**Entries supplied**
----
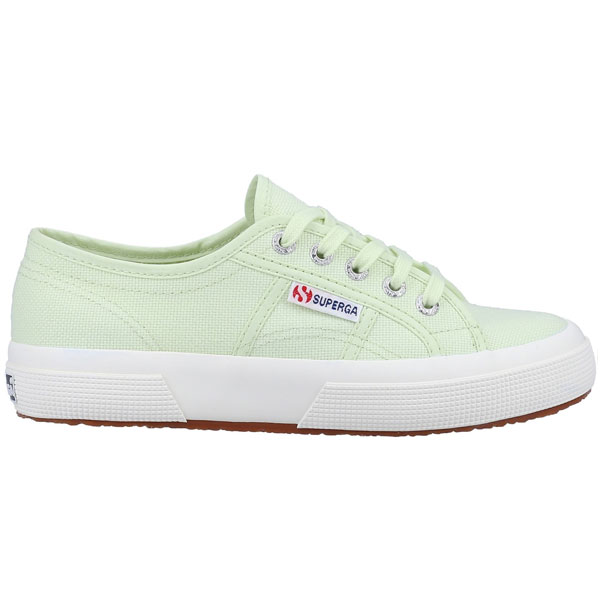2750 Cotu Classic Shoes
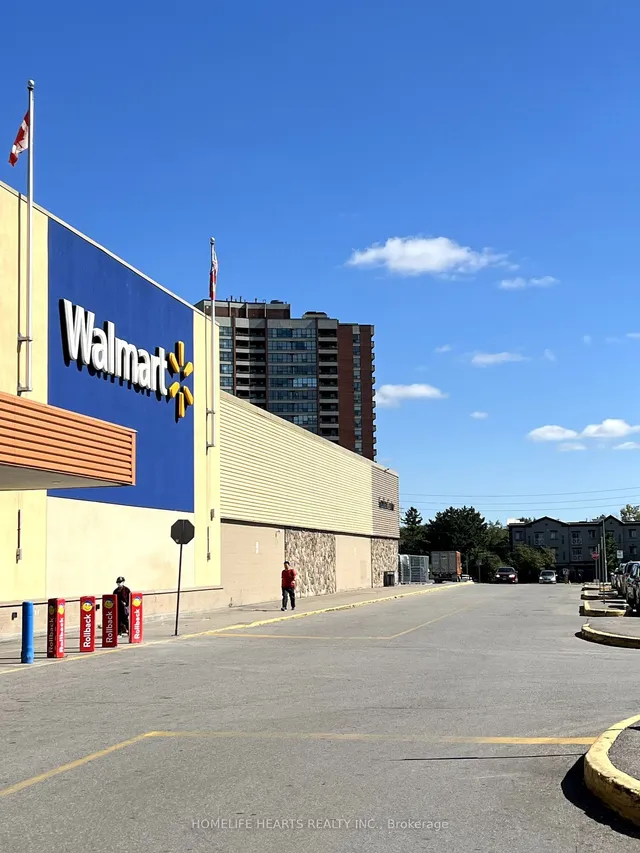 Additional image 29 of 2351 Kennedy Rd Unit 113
----
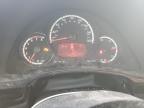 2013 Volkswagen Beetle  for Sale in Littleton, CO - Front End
----
**Work order**
From the line holding "2750 Cotu Classic Shoes" to the line holding "Additional image 29", both included, retype the entries above exactly and drop the pictures.

**Solution below**
2750 Cotu Classic Shoes
 Additional image 29 of 2351 Kennedy Rd Unit 113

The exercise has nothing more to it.